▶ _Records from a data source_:

============

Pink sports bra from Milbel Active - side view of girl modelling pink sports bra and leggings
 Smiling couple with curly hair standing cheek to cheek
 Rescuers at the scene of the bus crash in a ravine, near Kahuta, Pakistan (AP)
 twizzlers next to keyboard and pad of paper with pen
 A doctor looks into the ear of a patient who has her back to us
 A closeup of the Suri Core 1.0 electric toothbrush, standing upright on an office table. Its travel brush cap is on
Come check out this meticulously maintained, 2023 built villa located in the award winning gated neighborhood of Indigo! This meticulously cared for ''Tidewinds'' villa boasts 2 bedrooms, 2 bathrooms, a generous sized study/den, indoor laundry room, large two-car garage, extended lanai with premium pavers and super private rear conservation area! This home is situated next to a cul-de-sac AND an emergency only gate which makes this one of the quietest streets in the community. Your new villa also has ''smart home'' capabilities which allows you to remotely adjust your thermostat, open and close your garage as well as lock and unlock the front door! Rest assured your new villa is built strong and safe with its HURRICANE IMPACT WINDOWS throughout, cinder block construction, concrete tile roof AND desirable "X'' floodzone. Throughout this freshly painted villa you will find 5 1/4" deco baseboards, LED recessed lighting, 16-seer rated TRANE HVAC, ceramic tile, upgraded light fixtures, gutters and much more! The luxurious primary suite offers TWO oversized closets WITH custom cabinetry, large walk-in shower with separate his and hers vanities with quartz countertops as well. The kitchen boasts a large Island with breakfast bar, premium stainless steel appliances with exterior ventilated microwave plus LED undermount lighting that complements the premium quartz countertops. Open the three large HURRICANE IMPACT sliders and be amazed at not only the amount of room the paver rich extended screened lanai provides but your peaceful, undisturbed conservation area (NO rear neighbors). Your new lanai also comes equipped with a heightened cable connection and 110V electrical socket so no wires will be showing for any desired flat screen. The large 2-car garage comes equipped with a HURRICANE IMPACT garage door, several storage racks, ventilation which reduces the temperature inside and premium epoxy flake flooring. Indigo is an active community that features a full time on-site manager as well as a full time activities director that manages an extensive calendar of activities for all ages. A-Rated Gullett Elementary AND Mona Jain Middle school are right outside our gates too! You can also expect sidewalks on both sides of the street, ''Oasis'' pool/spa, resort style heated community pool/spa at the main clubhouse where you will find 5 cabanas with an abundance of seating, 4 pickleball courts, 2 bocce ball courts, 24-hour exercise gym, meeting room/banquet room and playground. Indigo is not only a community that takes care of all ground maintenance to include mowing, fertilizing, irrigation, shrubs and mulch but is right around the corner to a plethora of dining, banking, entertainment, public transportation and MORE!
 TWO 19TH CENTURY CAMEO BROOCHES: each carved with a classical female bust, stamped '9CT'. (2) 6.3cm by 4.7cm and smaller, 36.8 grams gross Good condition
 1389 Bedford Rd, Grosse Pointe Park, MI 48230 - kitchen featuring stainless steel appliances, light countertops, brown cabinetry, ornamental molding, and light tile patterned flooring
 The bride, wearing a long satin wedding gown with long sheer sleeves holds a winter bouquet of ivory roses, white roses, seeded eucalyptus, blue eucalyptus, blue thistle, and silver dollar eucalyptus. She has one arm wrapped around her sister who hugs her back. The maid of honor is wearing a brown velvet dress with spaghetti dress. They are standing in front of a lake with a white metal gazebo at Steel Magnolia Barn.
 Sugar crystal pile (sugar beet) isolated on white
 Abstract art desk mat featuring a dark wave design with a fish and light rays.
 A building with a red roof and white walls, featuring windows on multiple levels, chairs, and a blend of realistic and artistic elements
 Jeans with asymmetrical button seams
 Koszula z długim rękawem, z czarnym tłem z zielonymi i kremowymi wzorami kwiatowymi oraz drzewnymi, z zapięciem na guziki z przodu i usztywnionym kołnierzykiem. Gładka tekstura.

============

Each entry above needs to be retyped exactly.

Pink sports bra from Milbel Active - side view of girl modelling pink sports bra and leggings
 Smiling couple with curly hair standing cheek to cheek
 Rescuers at the scene of the bus crash in a ravine, near Kahuta, Pakistan (AP)
 twizzlers next to keyboard and pad of paper with pen
 A doctor looks into the ear of a patient who has her back to us
 A closeup of the Suri Core 1.0 electric toothbrush, standing upright on an office table. Its travel brush cap is on
Come check out this meticulously maintained, 2023 built villa located in the award winning gated neighborhood of Indigo! This meticulously cared for ''Tidewinds'' villa boasts 2 bedrooms, 2 bathrooms, a generous sized study/den, indoor laundry room, large two-car garage, extended lanai with premium pavers and super private rear conservation area! This home is situated next to a cul-de-sac AND an emergency only gate which makes this one of the quietest streets in the community. Your new villa also has ''smart home'' capabilities which allows you to remotely adjust your thermostat, open and close your garage as well as lock and unlock the front door! Rest assured your new villa is built strong and safe with its HURRICANE IMPACT WINDOWS throughout, cinder block construction, concrete tile roof AND desirable "X'' floodzone. Throughout this freshly painted villa you will find 5 1/4" deco baseboards, LED recessed lighting, 16-seer rated TRANE HVAC, ceramic tile, upgraded light fixtures, gutters and much more! The luxurious primary suite offers TWO oversized closets WITH custom cabinetry, large walk-in shower with separate his and hers vanities with quartz countertops as well. The kitchen boasts a large Island with breakfast bar, premium stainless steel appliances with exterior ventilated microwave plus LED undermount lighting that complements the premium quartz countertops. Open the three large HURRICANE IMPACT sliders and be amazed at not only the amount of room the paver rich extended screened lanai provides but your peaceful, undisturbed conservation area (NO rear neighbors). Your new lanai also comes equipped with a heightened cable connection and 110V electrical socket so no wires will be showing for any desired flat screen. The large 2-car garage comes equipped with a HURRICANE IMPACT garage door, several storage racks, ventilation which reduces the temperature inside and premium epoxy flake flooring. Indigo is an active community that features a full time on-site manager as well as a full time activities director that manages an extensive calendar of activities for all ages. A-Rated Gullett Elementary AND Mona Jain Middle school are right outside our gates too! You can also expect sidewalks on both sides of the street, ''Oasis'' pool/spa, resort style heated community pool/spa at the main clubhouse where you will find 5 cabanas with an abundance of seating, 4 pickleball courts, 2 bocce ball courts, 24-hour exercise gym, meeting room/banquet room and playground. Indigo is not only a community that takes care of all ground maintenance to include mowing, fertilizing, irrigation, shrubs and mulch but is right around the corner to a plethora of dining, banking, entertainment, public transportation and MORE!
 TWO 19TH CENTURY CAMEO BROOCHES: each carved with a classical female bust, stamped '9CT'. (2) 6.3cm by 4.7cm and smaller, 36.8 grams gross Good condition
 1389 Bedford Rd, Grosse Pointe Park, MI 48230 - kitchen featuring stainless steel appliances, light countertops, brown cabinetry, ornamental molding, and light tile patterned flooring
 The bride, wearing a long satin wedding gown with long sheer sleeves holds a winter bouquet of ivory roses, white roses, seeded eucalyptus, blue eucalyptus, blue thistle, and silver dollar eucalyptus. She has one arm wrapped around her sister who hugs her back. The maid of honor is wearing a brown velvet dress with spaghetti dress. They are standing in front of a lake with a white metal gazebo at Steel Magnolia Barn.
 Sugar crystal pile (sugar beet) isolated on white
 Abstract art desk mat featuring a dark wave design with a fish and light rays.
 A building with a red roof and white walls, featuring windows on multiple levels, chairs, and a blend of realistic and artistic elements
 Jeans with asymmetrical button seams
 Koszula z długim rękawem, z czarnym tłem z zielonymi i kremowymi wzorami kwiatowymi oraz drzewnymi, z zapięciem na guziki z przodu i usztywnionym kołnierzykiem. Gładka tekstura.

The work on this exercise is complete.